Movie screening: Constantin and Elena (2009)

directed by Andrei Dascalescu

Movie screening: Constantin and Elena (2009)

Free screening with coffe and talk.

The IDFA awarded documentary Constantin and Elena (2009) is a bitter-sweet story of an
Eastern European couple enjoying the simple life.

More information: https://www.facebook.com/events/1559912807596814/

- download poster –


The screening is organized by Platform Spartak and it’s part of the Ulysses’ Gaze project, a series of monthly screenings of films from Eastern Europe, mainly focused on migration.

Movie synopsys:

Constantin and Elena are a couple living in a small Romanian village who have been married for fifty-five years.

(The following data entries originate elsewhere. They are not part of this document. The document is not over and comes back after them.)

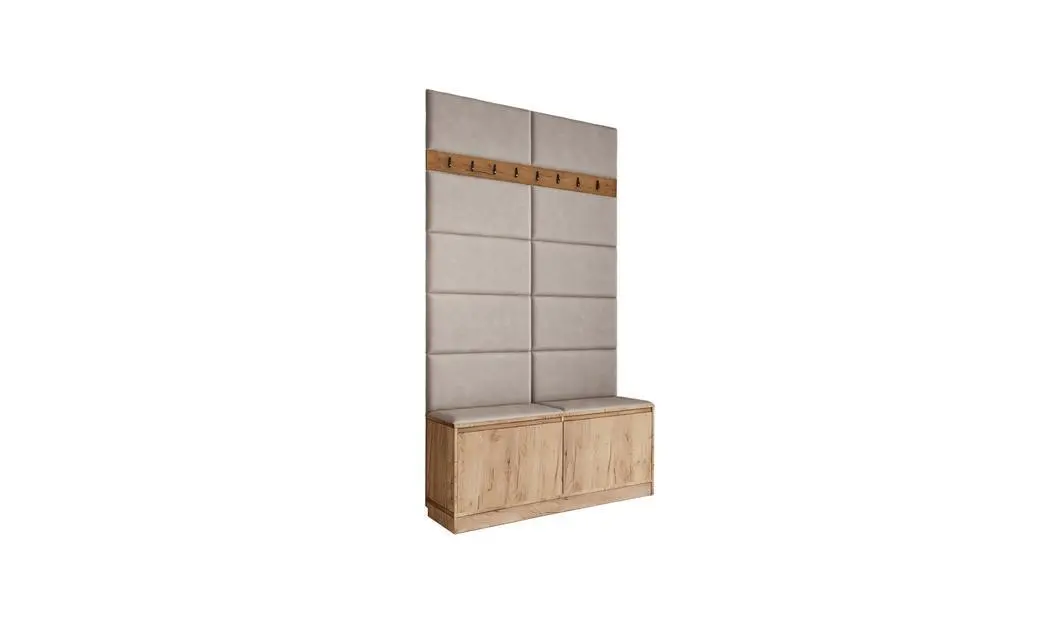 Cuier Hol Klaus IV, Kraft/Gri deschis 2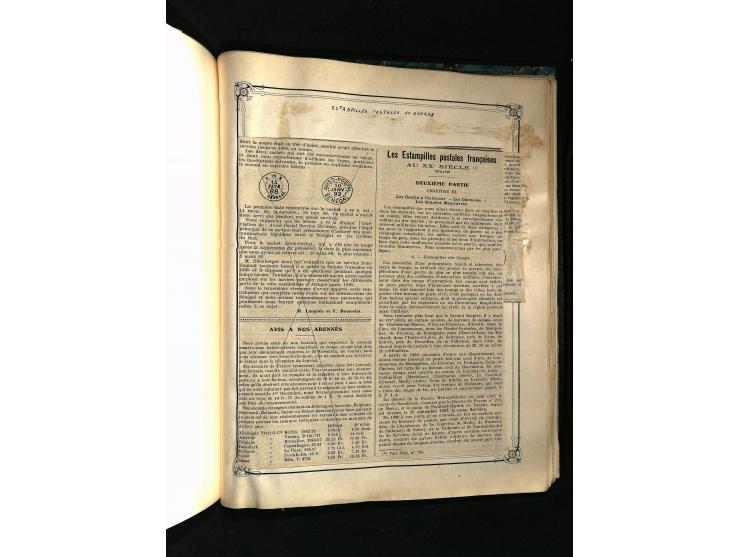 1757/1917, interessante Sammlung mit über 350 Briefen, dabei viel Vorphila bzw. markenlose Belege u.a. mit Kartenschluß, auße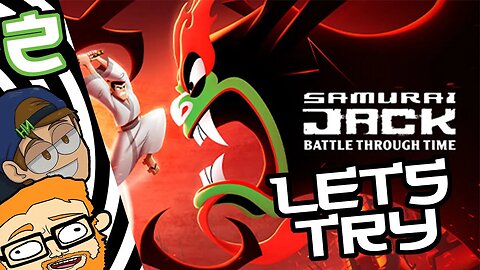 Let's Keep Trying | SAMURAI JACK: BATTLE THROUGH TIME Pt. 2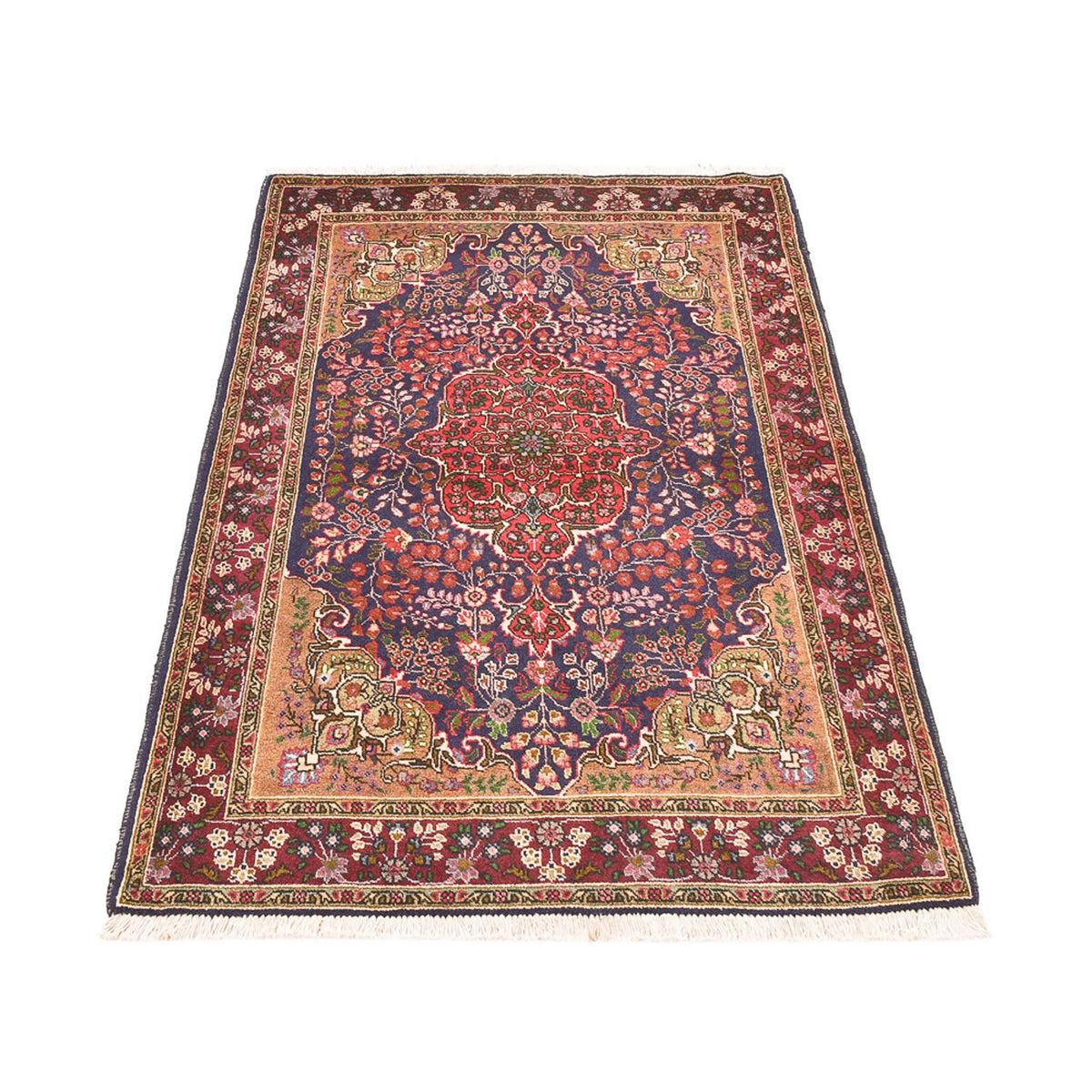 Perzisch tapijt - Tabriz - Royal - 155 x 100 cm - veelkleurig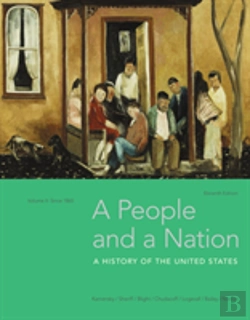 Bertrand.pt - A People And A Nation, Volume Ii: Since 1865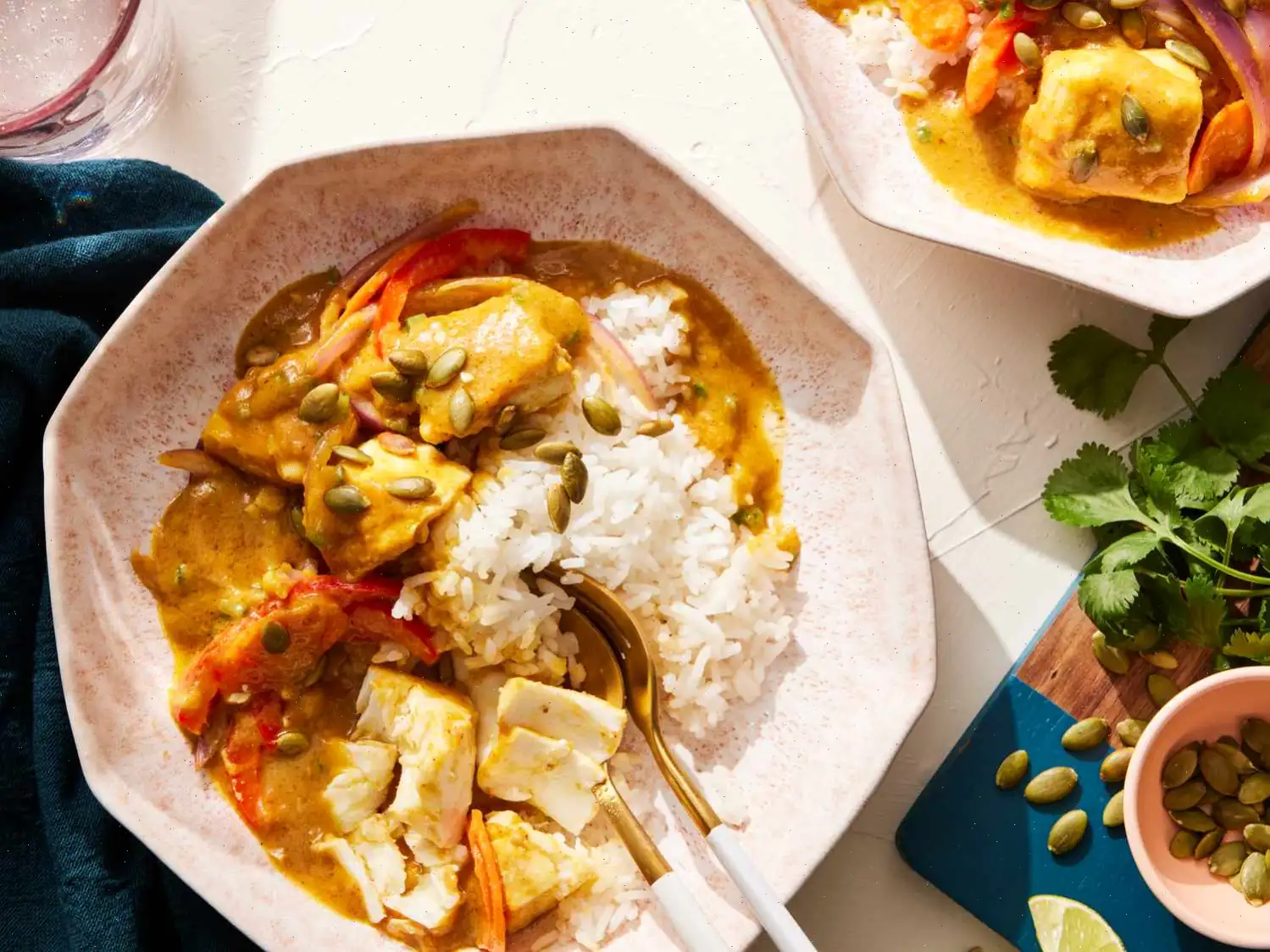 Pumpkin Curry with White Fish Recipe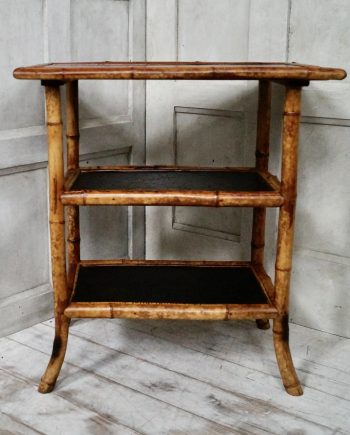 Victorian Bamboo Side Table (SOLD)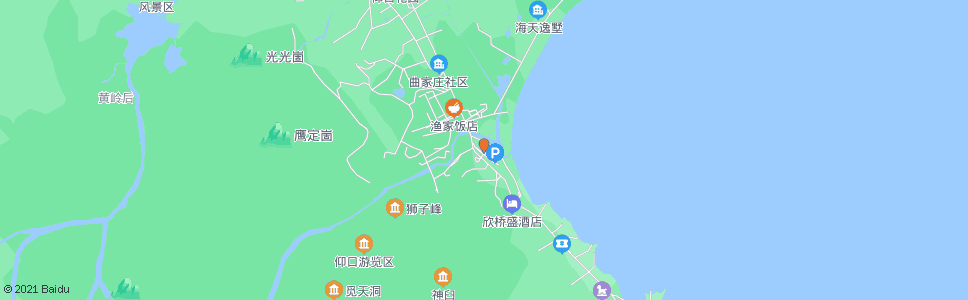 青岛崂山仰口客服中心_公交站地图_青岛公交_妙搜公交查询2024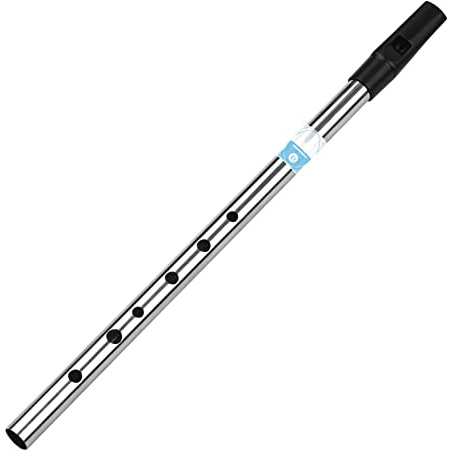 Lechnical Irische Pfeife Flöte D 6 Löcher Flöte Wind Musikinstrumente für Anfänger Fortgeschrittene Experten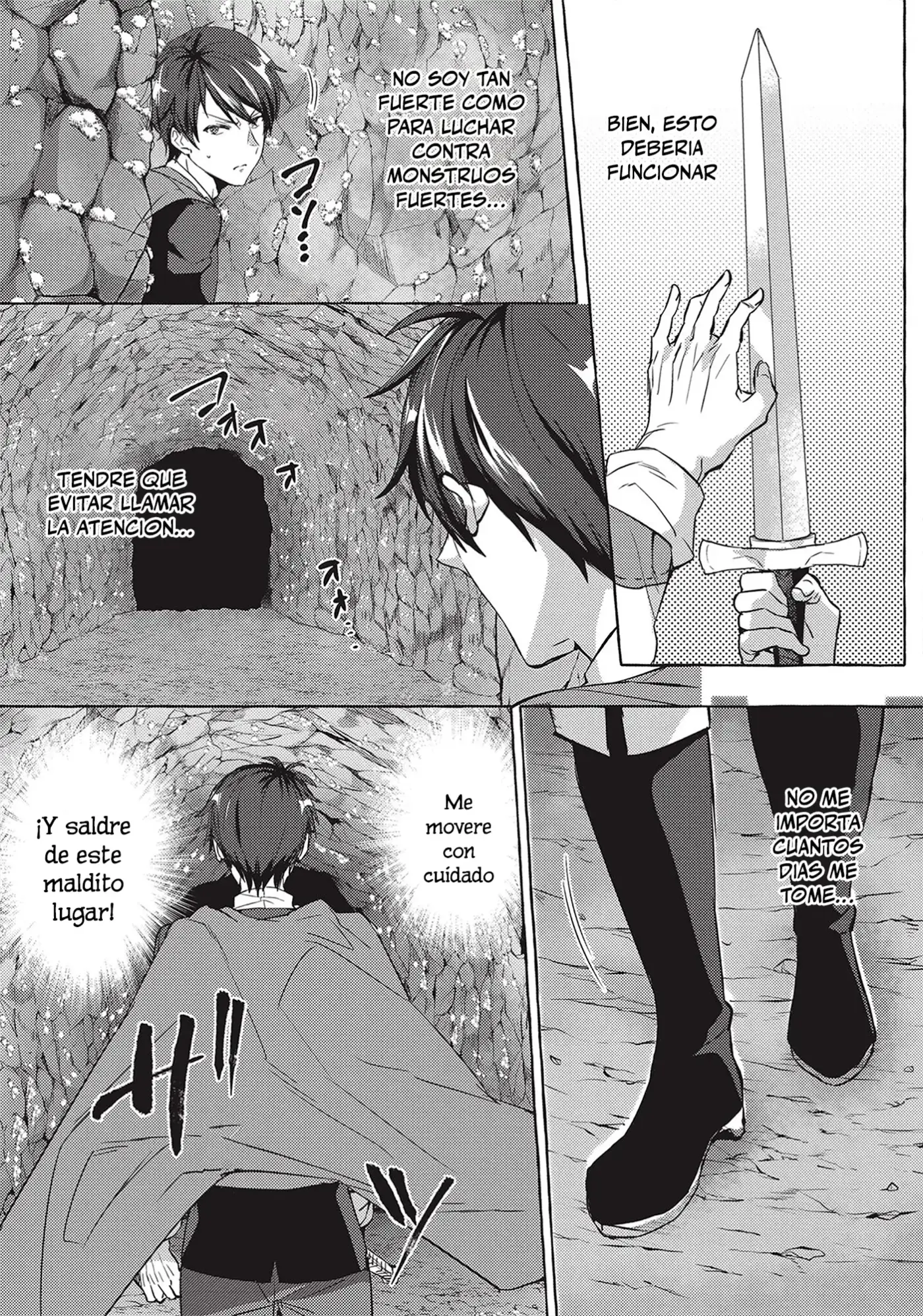 [Shuufuku] Sukiru ga Bannou Chiito-ka Shitanode, Buki-ya demo Hirakou ka to Omoimasu - Capítulo 1 - Página 14 - LectorTMOo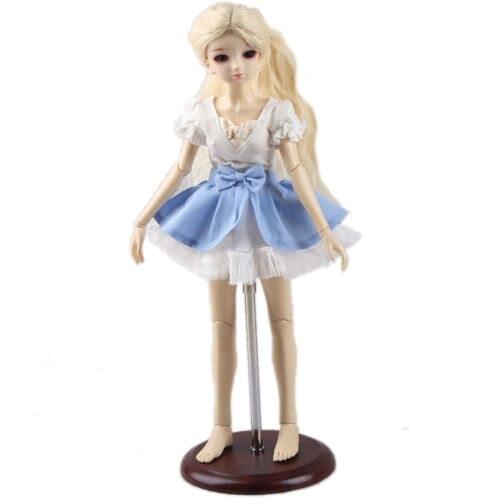 [wamami] Lolita Dress Blue Japanese Japan Uniform Anime 1/4 MSD BJD Dollfie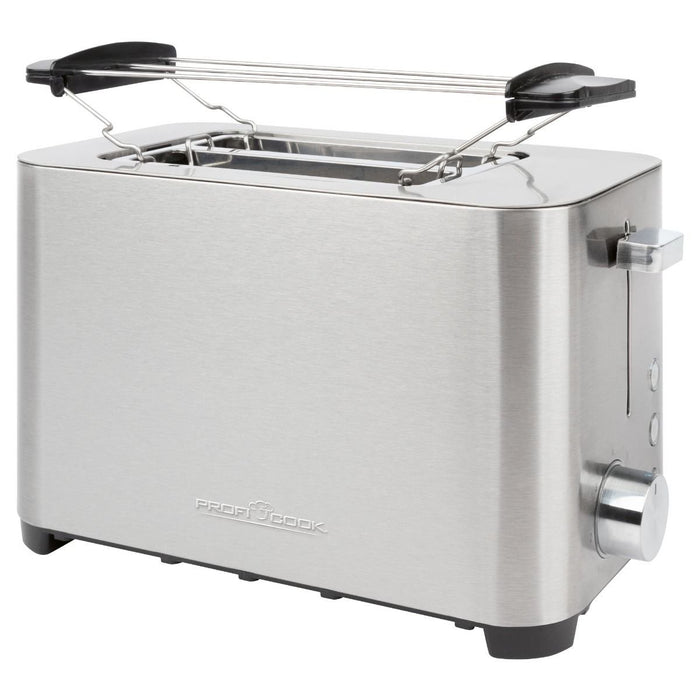 EAN 4006160125108 - ProfiCook PC-TA 1251 2 rebanada(s) 750 W Acero inoxidable imagen 3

Over the course of their lives together, Constantin and Elena have seen war, political upheaval and disasters of all sorts, but they’re still together and still in love, even if time has taken a toll on them. Moving slower than they did in their youth, the couple still wakes each morning, helping one another with the chores and continuing their work making tapestries. If there’s a dark cloud on their horizon, it’s the simple knowledge that at their age they have only so long left together, and while both Constantin and Elena hardly welcome their mortality, they’ve come to see it as an inevitability that need not be feared while looking back on the adventures they’ve shared together. Dascalescu captured the couple’s daily routine on film, and in Constantin and Elena he’s crafted a simple but affecting tale of how they’ve stayed in love against long odds for more than half a century. Constantin and Elena was an official selection at the 2009 Amsterdam International Documentary Film Festival, where it received the “First Appearance Award”. (via Rotten Tomatoes)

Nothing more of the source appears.